Die Folgen der Erniedrigung und Selbstaufopferung von Gottes Sohn werden nun von Paulus aufgeführt. Es sind deren drei. 1. Unsere Heiligung durch den Willen Gottes; 2. unsere Heiligung und Vollkommenmachung durch das Opfer des Leibes Jesus Christus, ein für allemal geschehen; und 3. das Zeugnis des Heiligen Geistes in uns, der dies bestätigt.

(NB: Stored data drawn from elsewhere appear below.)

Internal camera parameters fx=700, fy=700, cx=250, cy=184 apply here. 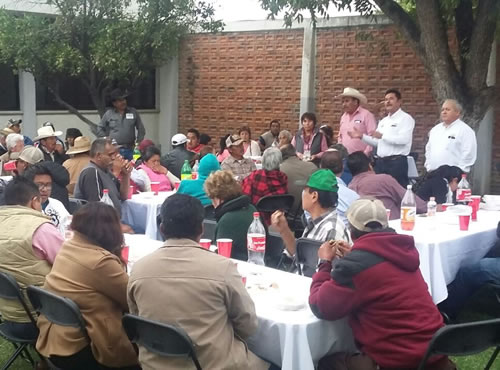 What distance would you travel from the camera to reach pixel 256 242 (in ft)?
14.0

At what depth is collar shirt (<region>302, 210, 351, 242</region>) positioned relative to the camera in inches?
168

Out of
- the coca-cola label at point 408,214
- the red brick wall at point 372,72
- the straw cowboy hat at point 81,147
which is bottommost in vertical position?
the coca-cola label at point 408,214

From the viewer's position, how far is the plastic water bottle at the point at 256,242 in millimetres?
4266

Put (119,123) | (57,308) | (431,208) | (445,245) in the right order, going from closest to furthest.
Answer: (57,308), (445,245), (431,208), (119,123)

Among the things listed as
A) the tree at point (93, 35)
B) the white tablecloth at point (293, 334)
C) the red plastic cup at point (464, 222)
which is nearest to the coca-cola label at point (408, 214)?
the red plastic cup at point (464, 222)

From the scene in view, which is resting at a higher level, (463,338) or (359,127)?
(359,127)

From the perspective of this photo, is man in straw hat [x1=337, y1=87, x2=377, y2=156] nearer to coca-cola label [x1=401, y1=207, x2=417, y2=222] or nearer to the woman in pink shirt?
the woman in pink shirt

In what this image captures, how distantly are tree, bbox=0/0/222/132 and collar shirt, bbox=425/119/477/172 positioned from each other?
5.74m

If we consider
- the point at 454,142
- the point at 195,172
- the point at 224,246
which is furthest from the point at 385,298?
the point at 195,172

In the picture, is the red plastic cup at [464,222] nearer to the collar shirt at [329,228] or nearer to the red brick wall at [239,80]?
the collar shirt at [329,228]

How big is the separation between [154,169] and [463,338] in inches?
199

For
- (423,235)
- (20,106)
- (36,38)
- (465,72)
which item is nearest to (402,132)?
(465,72)

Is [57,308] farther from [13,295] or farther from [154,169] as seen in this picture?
[154,169]

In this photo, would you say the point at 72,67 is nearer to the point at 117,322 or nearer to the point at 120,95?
the point at 120,95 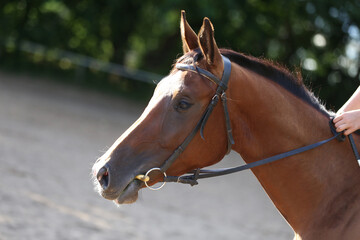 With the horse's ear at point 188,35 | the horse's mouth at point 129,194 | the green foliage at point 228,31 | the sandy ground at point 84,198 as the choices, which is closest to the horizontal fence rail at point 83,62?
the green foliage at point 228,31

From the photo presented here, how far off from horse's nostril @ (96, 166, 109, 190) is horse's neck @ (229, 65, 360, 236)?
851mm

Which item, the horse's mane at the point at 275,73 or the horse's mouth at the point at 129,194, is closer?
the horse's mouth at the point at 129,194

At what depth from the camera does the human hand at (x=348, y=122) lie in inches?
114

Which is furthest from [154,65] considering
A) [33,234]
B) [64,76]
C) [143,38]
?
[33,234]

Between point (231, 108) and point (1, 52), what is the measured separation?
17220 mm

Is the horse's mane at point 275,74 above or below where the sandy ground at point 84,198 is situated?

1. Unsere Heiligung ist nach dem Willen Gottes. „Durch welchen Willen wir geheiligt sind“ (Vers 10). Gottes Wille, und nicht der unsrige, ist der Grund und die Ursache unserer Heiligung. Wer das verstanden hat, steht auf einem unerschütterlichen Boden. Durch den Willen Dessen, der nach Seiner ewigen Weisheit Seinem Sohn einen Leib bereitet hat, damit dieser sich für uns aufopfern könnte, sind wir für Gott abgesondert (geheiligt) und deshalb errettet worden. Und was sich nun auch ändern mag, Gottes Wille verändert sich nicht. Was in Seinem ewigen Ratschluss festgelegt ist, hat Er in der Zeit ausgeführt, und nichts ist imstande, daran etwas zu ändern. Welch eine feste und unverrückbare Grundlage für unsern Glauben!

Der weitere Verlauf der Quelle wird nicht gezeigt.